* EXERCISE
For the entries below, return every line from the top through the line with "OKEECHOBEE -- Brittany" exactly as it stands, omitting pictures.

+++ GIVEN RECORDS +++

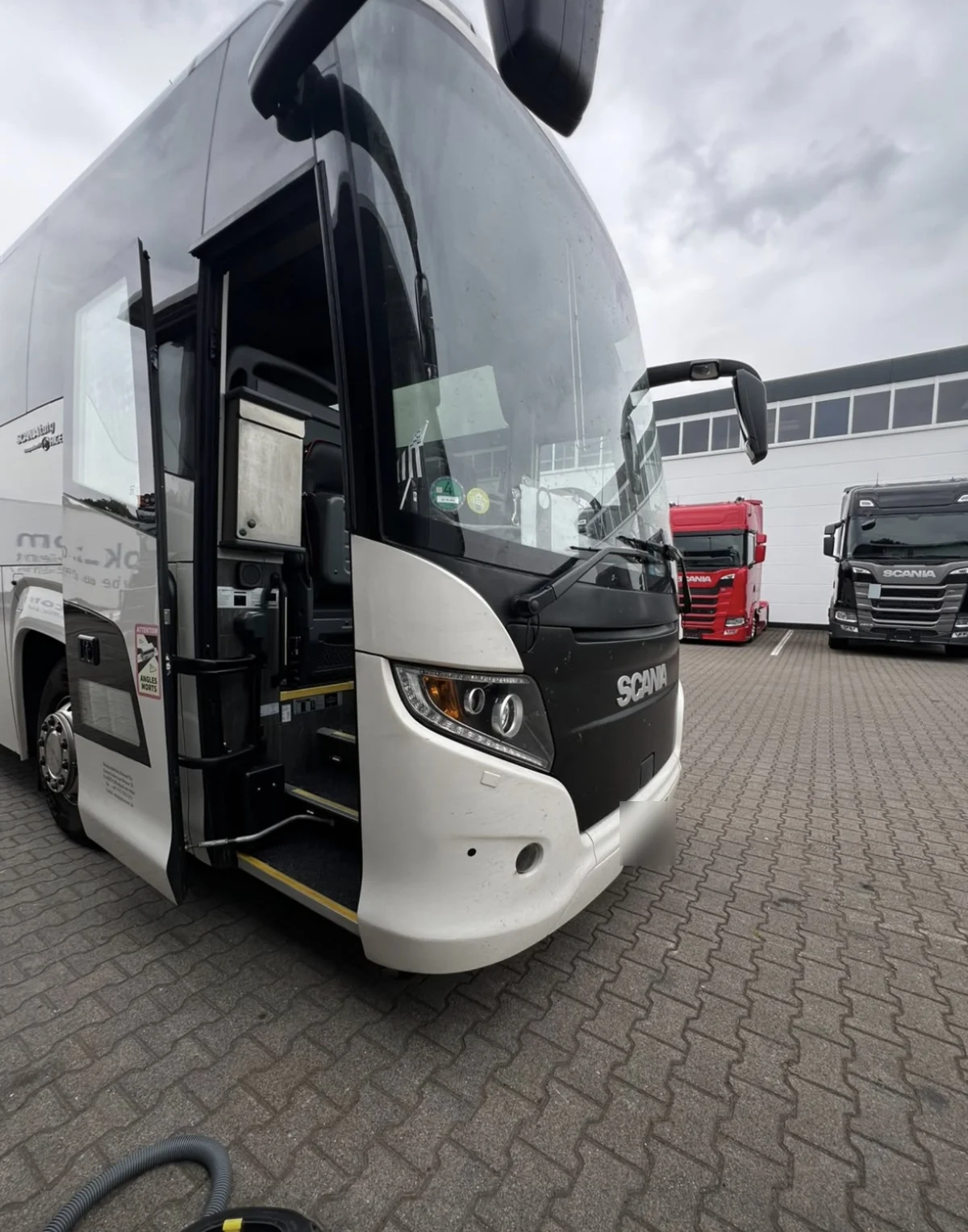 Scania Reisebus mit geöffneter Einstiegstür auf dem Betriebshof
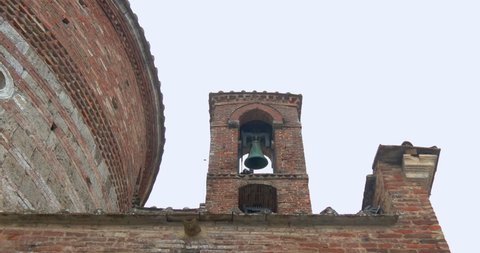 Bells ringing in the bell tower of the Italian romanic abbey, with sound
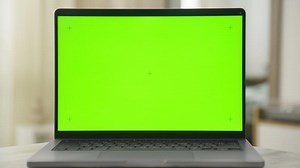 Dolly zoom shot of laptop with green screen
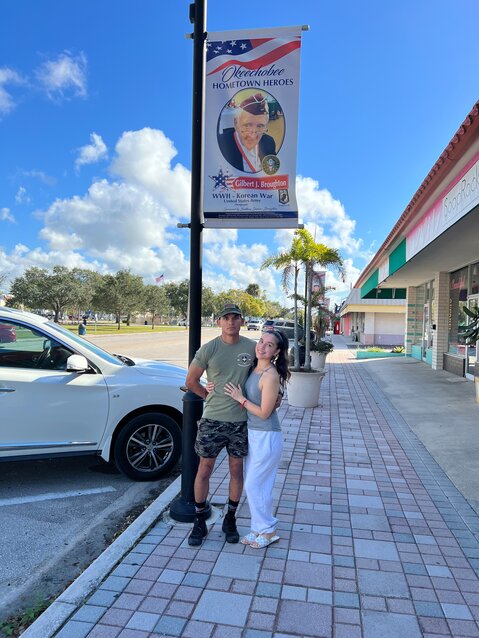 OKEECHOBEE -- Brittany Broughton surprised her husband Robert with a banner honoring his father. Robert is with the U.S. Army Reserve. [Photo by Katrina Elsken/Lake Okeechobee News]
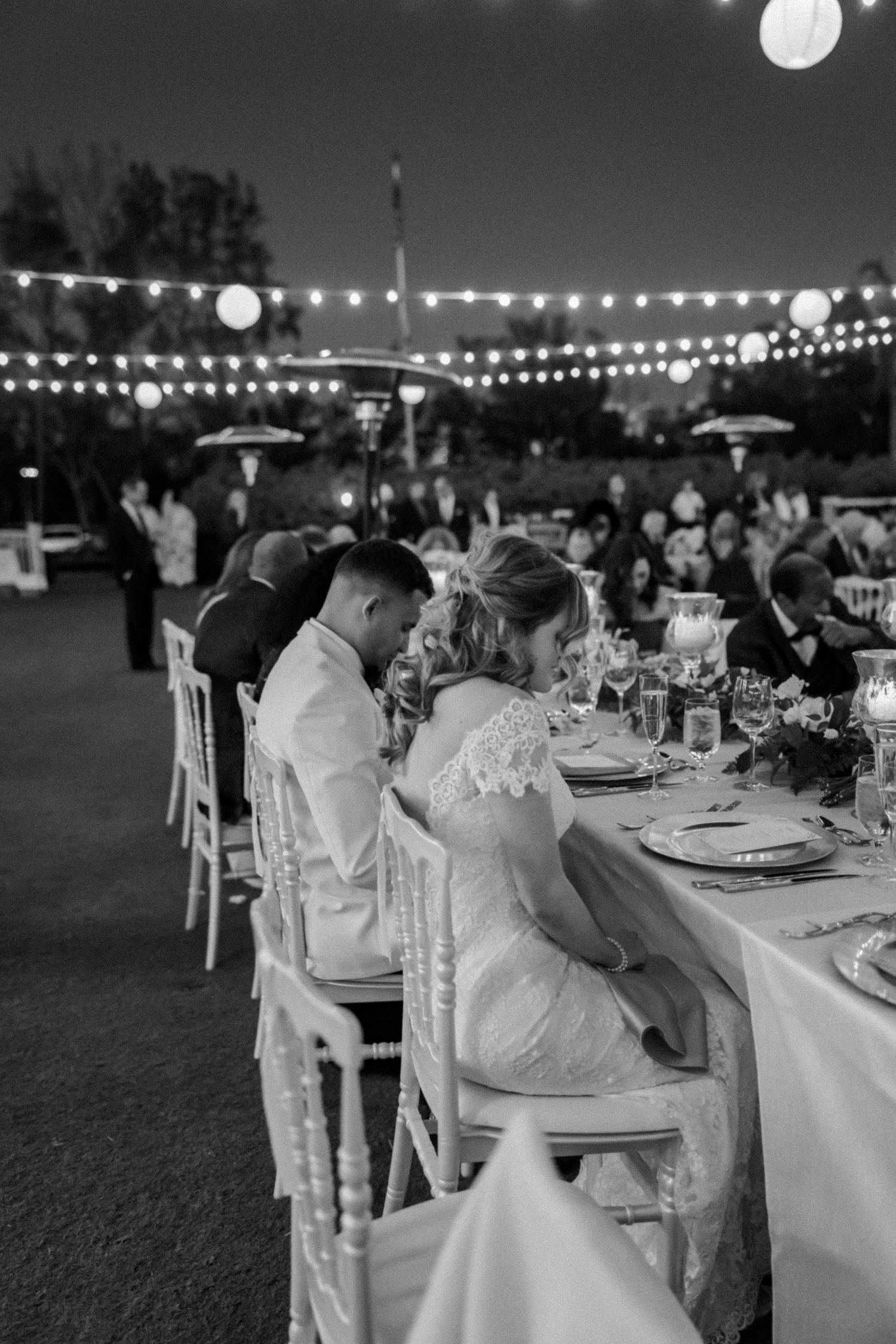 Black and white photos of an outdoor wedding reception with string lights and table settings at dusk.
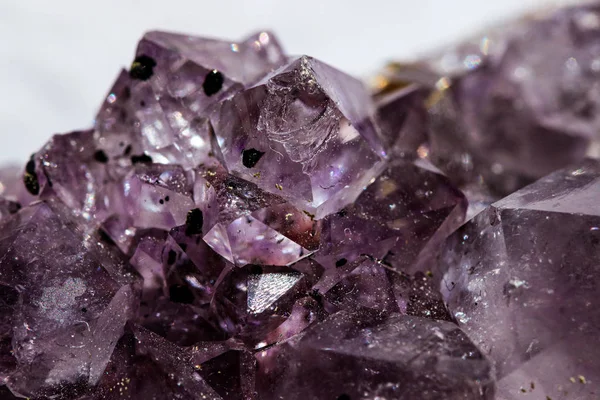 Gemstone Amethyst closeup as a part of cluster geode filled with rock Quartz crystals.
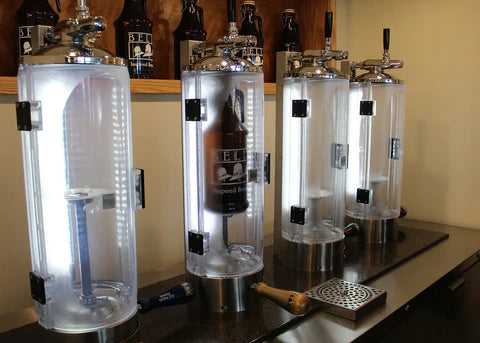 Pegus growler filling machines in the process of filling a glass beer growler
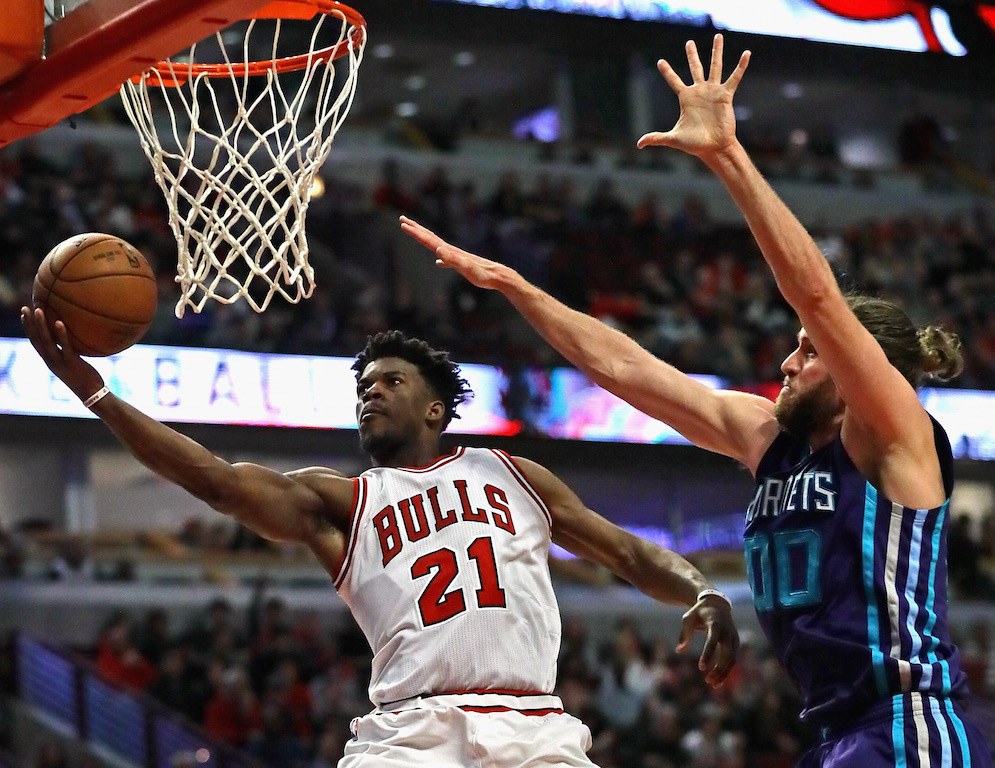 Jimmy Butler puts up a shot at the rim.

+++

* ANSWER TO THIS EXERCISE
 Scania Reisebus mit geöffneter Einstiegstür auf dem Betriebshof
 Bells ringing in the bell tower of the Italian romanic abbey, with sound
 Dolly zoom shot of laptop with green screen
 OKEECHOBEE -- Brittany Broughton surprised her husband Robert with a banner honoring his father. Robert is with the U.S. Army Reserve. [Photo by Katrina Elsken/Lake Okeechobee News]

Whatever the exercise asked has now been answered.